— Task instructions —
Transcribe the whole listing below. Pictures do not go in the copy.

— Provided material —
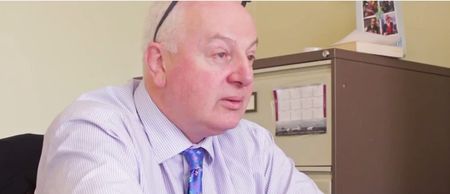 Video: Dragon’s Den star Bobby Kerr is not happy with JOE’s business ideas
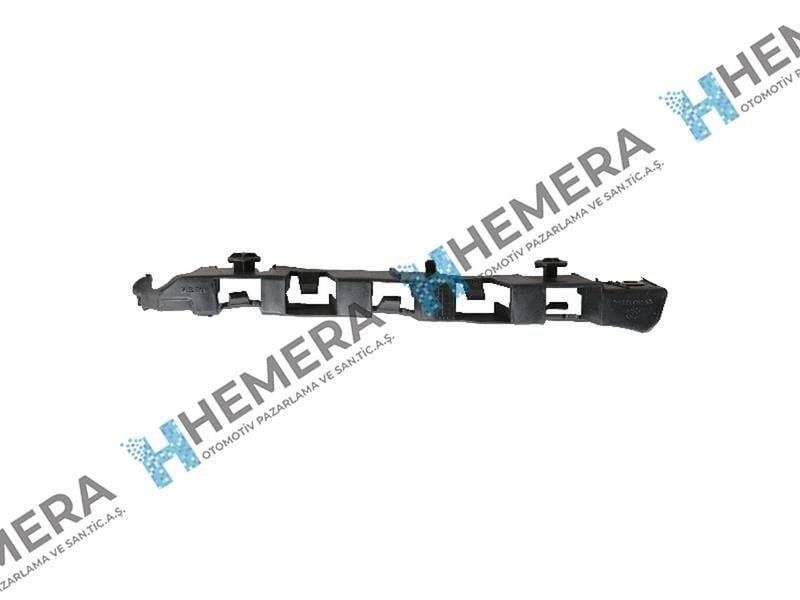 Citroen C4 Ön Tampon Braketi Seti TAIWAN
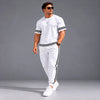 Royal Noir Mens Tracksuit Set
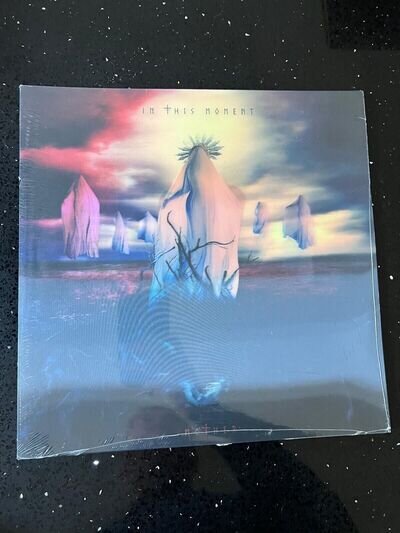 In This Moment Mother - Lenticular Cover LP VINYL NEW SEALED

— Result for this exercise —
 Video: Dragon’s Den star Bobby Kerr is not happy with JOE’s business ideas
 Citroen C4 Ön Tampon Braketi Seti TAIWAN
 Royal Noir Mens Tracksuit Set
 In This Moment Mother - Lenticular Cover LP VINYL NEW SEALED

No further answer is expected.